_TASK OBJECTIVE_
Take the line containing "Tarzan on the Planet of the Apes #1 Review" through the last line of the data and retype those lines exactly. Pictures do not belong in the copy.

_MATERIAL PROVIDED_
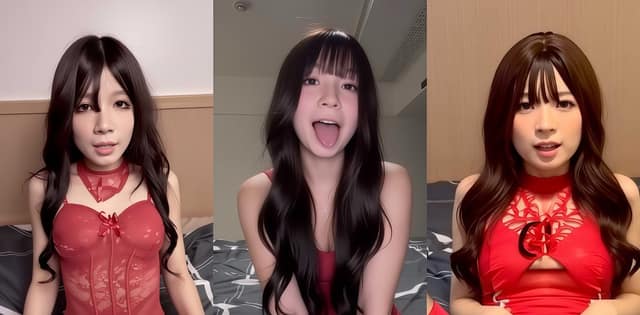 网红骚姐姐穿蕾丝私下这么野丨看着清纯其实求内射求得很凶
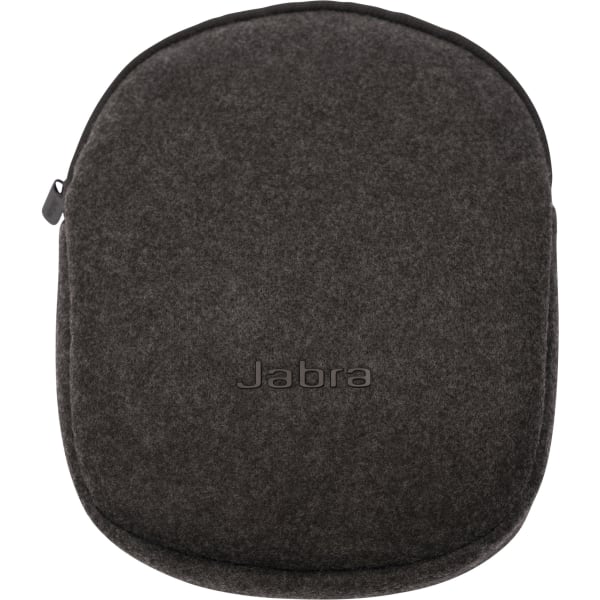 Jabra Evolve2 Carrying Case (Pouch) Jabra Headset - Black - 1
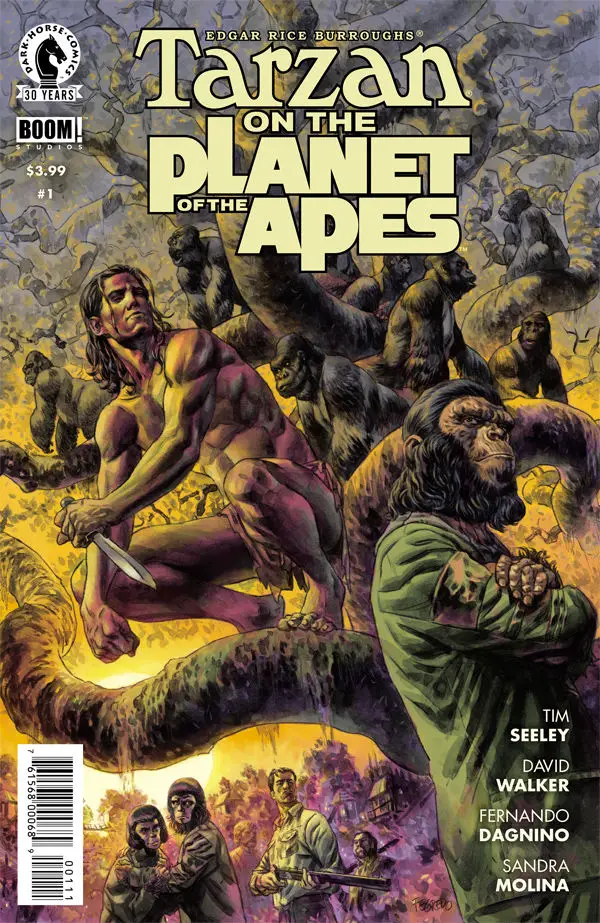 Tarzan on the Planet of the Apes #1 Review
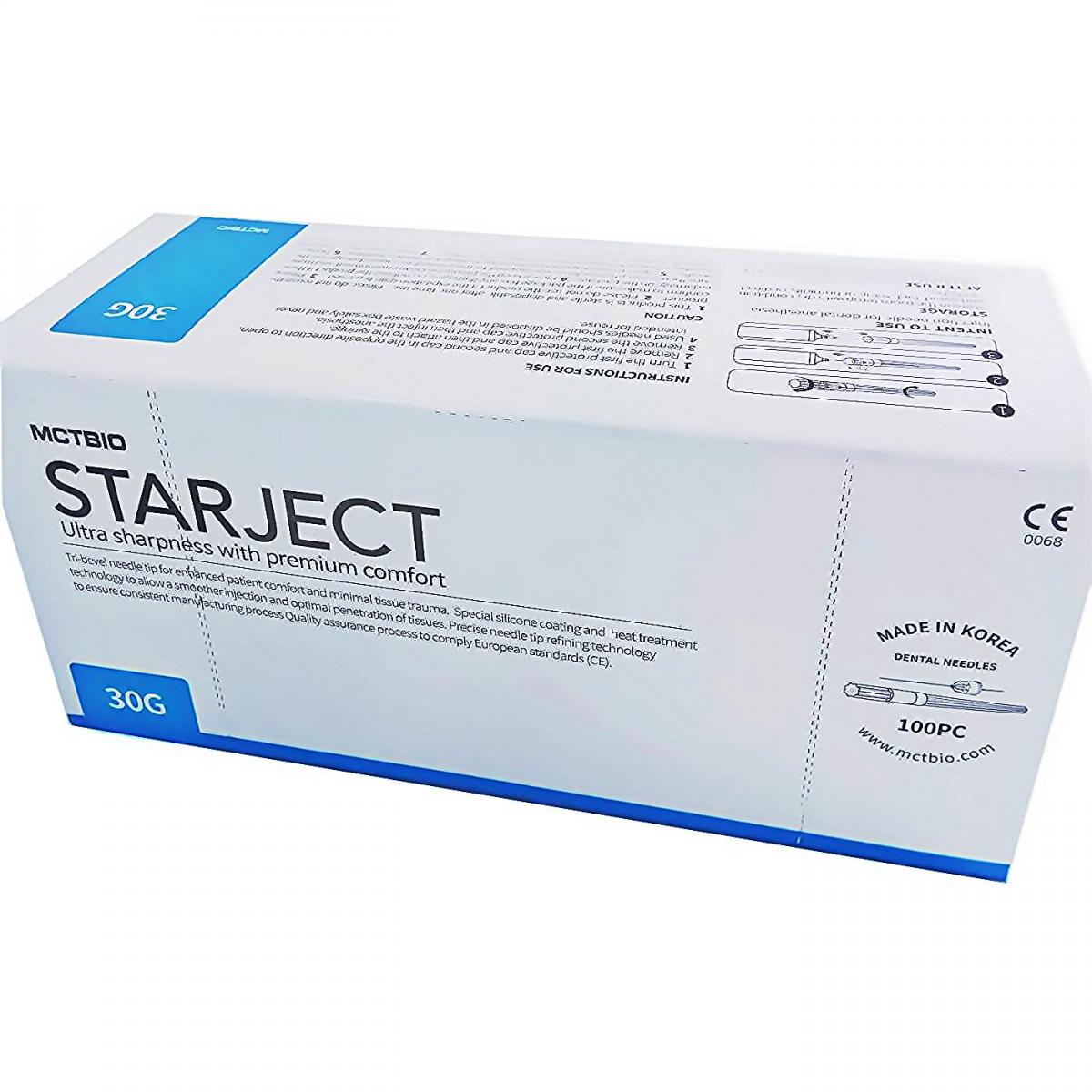 STAR JECT Short Needle Korea (100pcs)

_RESULT OF THIS EXERCISE_
 Tarzan on the Planet of the Apes #1 Review
 STAR JECT Short Needle Korea (100pcs)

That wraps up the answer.